En efecto, la Revolución llevó cruelmente al presente al pintor de la antigüedad: pronto sus lienzos comenzaron a representar no los templos antiguos derruidos sino la fabricación industrial de ruinas modernas mediante demoliciones, desacralizaciones e incendios. A pesar de su bajo perfil e incluso su propuesta posterior de convertirse en un pintor propagandístico para los revolucionarios tras una larga vida apolítica, llegaría el momento de su prisión por “falta de sensibilidad cívica y relaciones con aristócratas”. Mientras el furor del Terror arrebataba cientos de cabezas a su alrededor, Robert se dedicaba a seguir produciendo decenas de pinturas serenas, esta vez retratos de sus compañeros condenados, de los guardias, de las lavanderas de la cárcel, de sí mismo. La figura humana, antes apenas reconocible en la vastedad de sus monumentos, ahora tomaba por primera vez el primer plano con calidez, como una suerte de tímida defensa del individuo con rostro y nombre ante la imposición colectivista. Con sencillez de monje, el pintor puso junto a su autorretrato la proclama en latín Dum spiro, spero: mientras tenga aliento, tengo esperanzas. Fue casi un año de prisión en medio de la caída estrepitosa de la élite a la que había servido con algo de inocencia y placidez, mediante la representación lúdica de una destrucción apocalíptica ahora presente en toda su literalidad.
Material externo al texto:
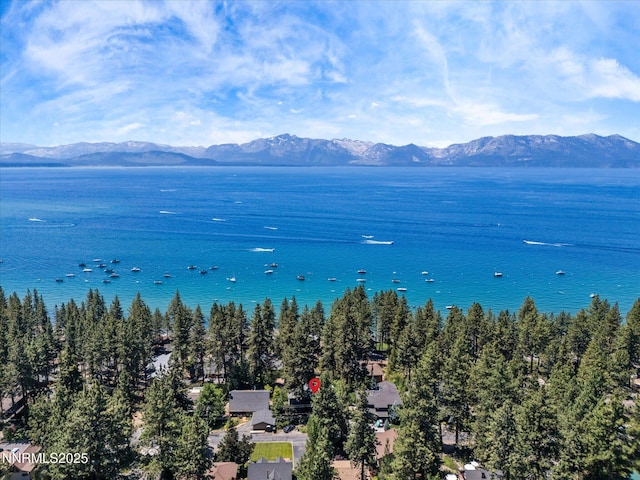 622 Freel Dr, Zephyr Cove, NV 89448 - photo 60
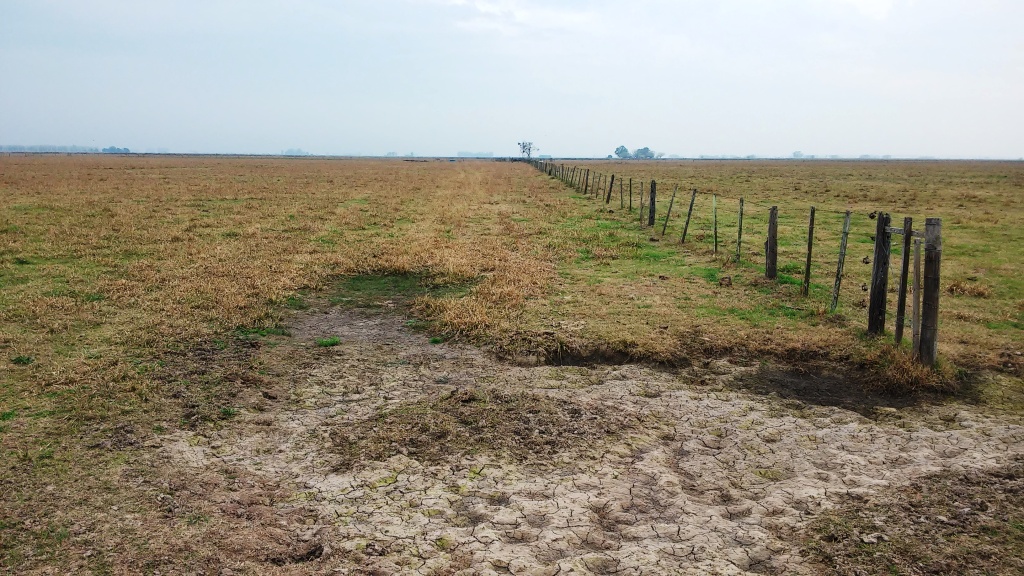 CAMPO 25 Ha EN LUIS PALACIOS 100% AGRÍCOLA - 2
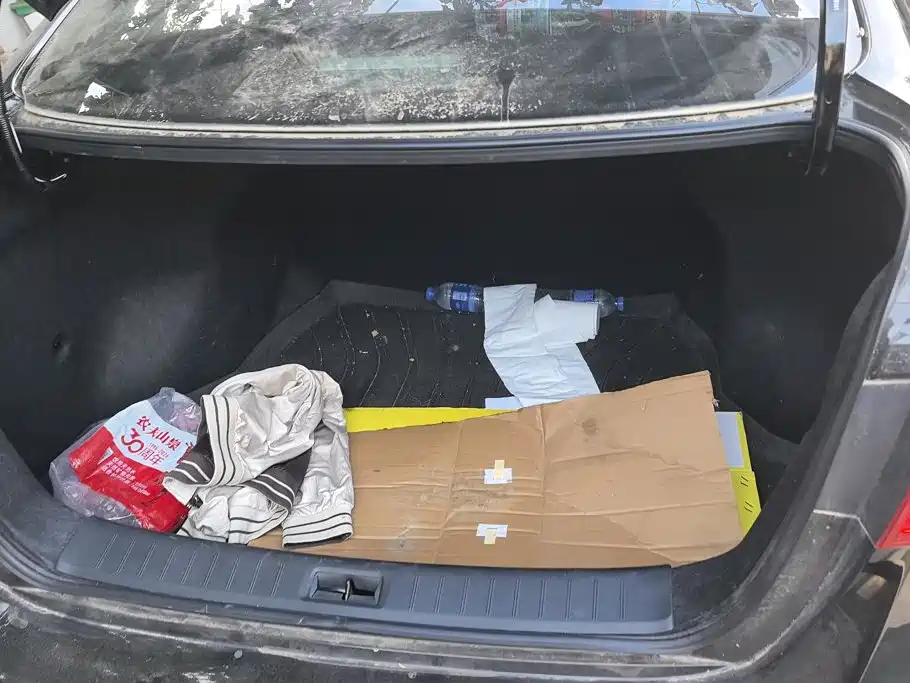 Nissan Sylphy — миниатюра 4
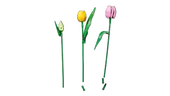 Tulip Bouquet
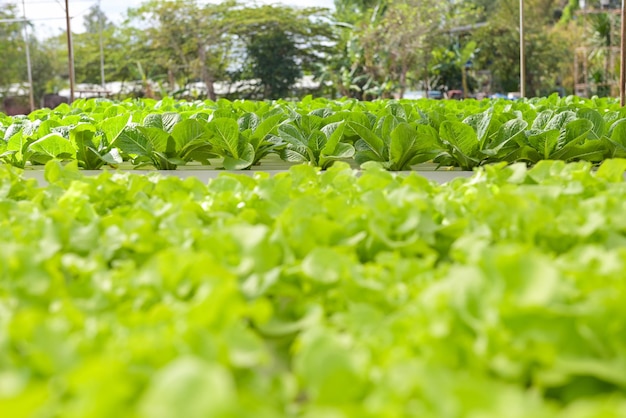 Hydroponic plants growing on water without soil agriculture organic health food nature leaf crop vegetables garden hydroponic vegetables from hydroponic farms fresh green oak lettuce and green cos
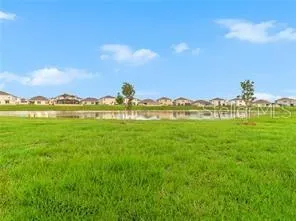 16636 WINDMILL FORGE PASS Wimauma, FL 33598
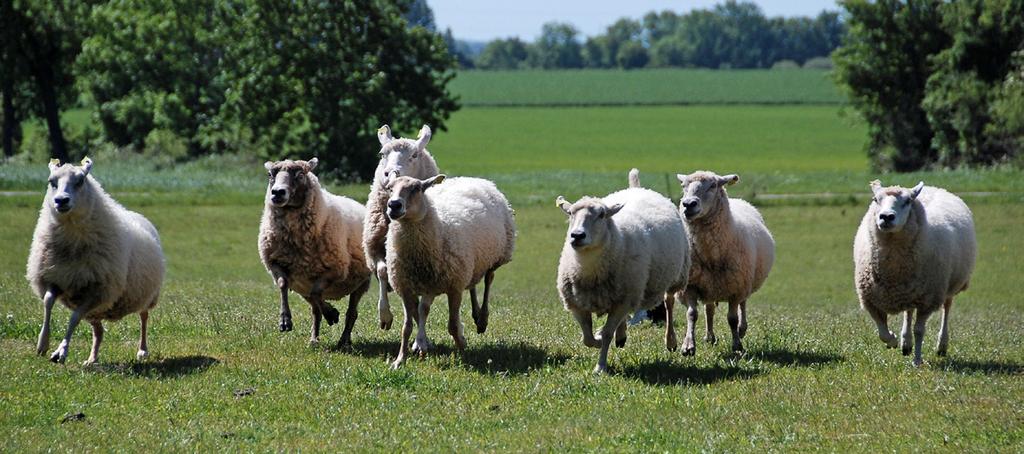 Ny ersättning för extra djuromsorg för får I år finns en ny ersättning för extra djuromsorg för får.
Su escape de esta nueva catacumba fue tan milagroso y novelesco como su salida de los laberintos de piedra romanos, según cuenta una eterna leyenda. Por una confusión burocrática propia de la masacre caótica, otro prisionero con su mismo apellido fue identificado como él y enviado a la guillotina en su lugar. Liberado poco después de este supuesto enredo providencial, luego de la ejecución del Incorruptible, la fortuna siempre amiga lo llevó a asumir con su jovialidad habitual el papel de curador del incipiente Louvre, colaborando en su establecimiento como gran museo del continente. Su regreso desde los bordes de la muerte debió sentirse como asistir al primer día del mundo, según el decir del poema de Delille inspirado en sus andanzas. Pero cierto tono lúgubre se filtraba ahora en su producción, quizá producto de la consciencia adquirida con dolor sobre la fragilidad de las más veneradas arquitecturas, instituciones y eminencias.
Sus capriccios ahora imaginaban edificios contemporáneos, como el propio Louvre que administraba, en ruinas, con el techo caído y personas explorando, cocinando o tomando cobijo en sus escombros. Quizá dentro de la sensación de colapso que se le había quedado en el alma apesadumbrada aún permanecía cierta dulce melancolía, en la exposición de seres humanos manteniendo humildemente el correr de la vida entre las grietas de un mundo que creyó en su grandeza y ahora se encuentra extinto. Más que ser las viejas figuras graciosas y anacrónicas al estilo de su amigo Fragonard, que corrían entre sus ruinas en sus trabajos juveniles, estos grupos terminan siendo representación del último reservorio de cultura tras un desastre mundial no identificado.
Como era de esperar de este masivo productor de obras, la muerte le sorprendió en su caballete, haciendo caer literalmente la paleta de su mano anciana en medio de la creación de otro enorme cuadro arquitectónico. A la vista de sus pinturas, el filósofo Diderot comentó: “Estas ruinas inspiran en mí grandiosas ideas. Todo llega a ser nada. Todo pasa. Nada en el mundo perdura. Sólo el Tiempo queda”.